## DATA
····················
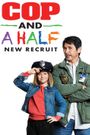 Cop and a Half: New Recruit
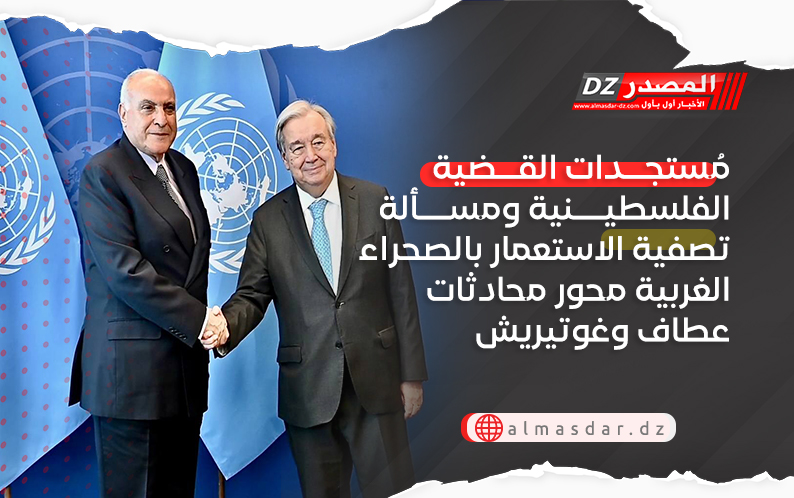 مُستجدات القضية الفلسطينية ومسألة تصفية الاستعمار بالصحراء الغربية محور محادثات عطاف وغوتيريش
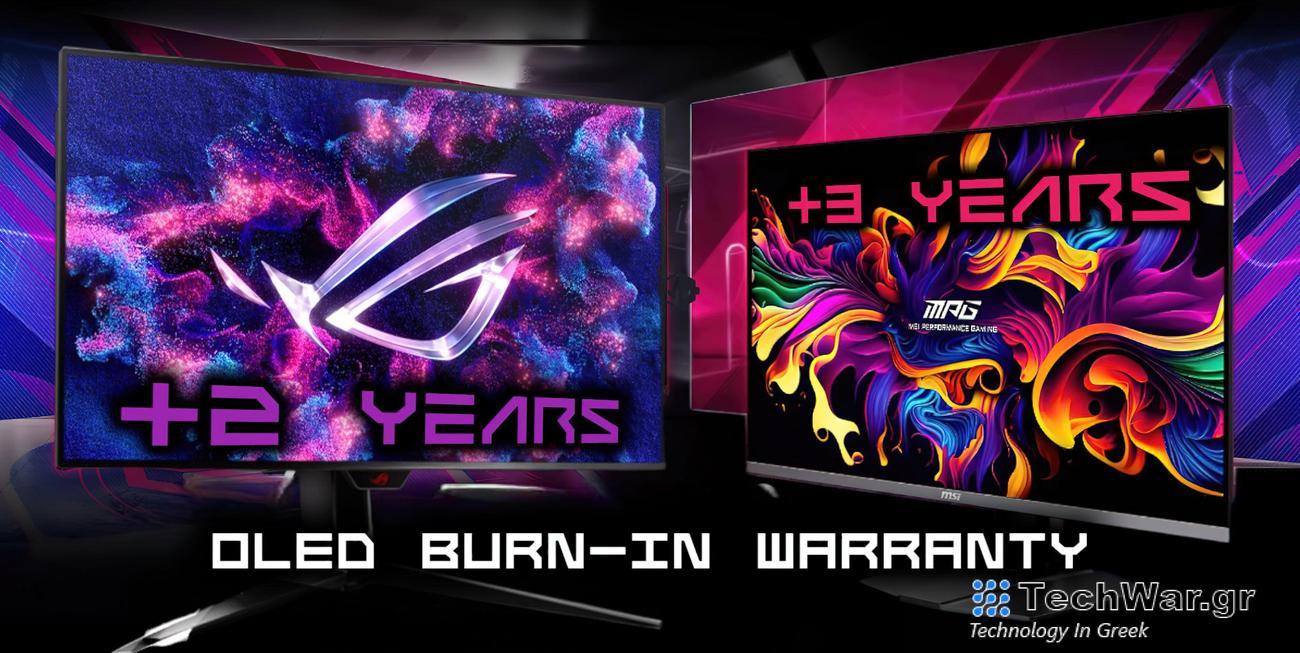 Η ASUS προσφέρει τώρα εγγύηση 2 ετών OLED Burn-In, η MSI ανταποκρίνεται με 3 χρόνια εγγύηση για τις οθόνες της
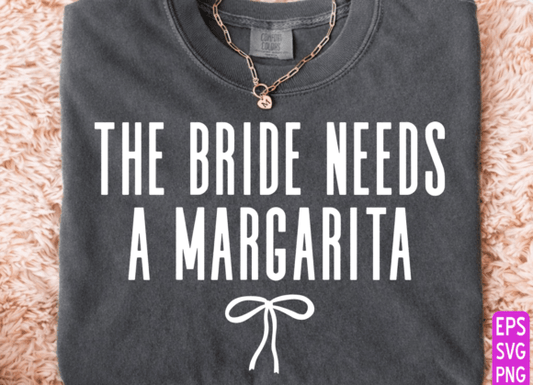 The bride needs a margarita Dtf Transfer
····················
Take the line containing "Η ASUS προσφέρει" through the last line of the material and retype exactly those lines, both ends included, with no pictures.

 Η ASUS προσφέρει τώρα εγγύηση 2 ετών OLED Burn-In, η MSI ανταποκρίνεται με 3 χρόνια εγγύηση για τις οθόνες της
 The bride needs a margarita Dtf Transfer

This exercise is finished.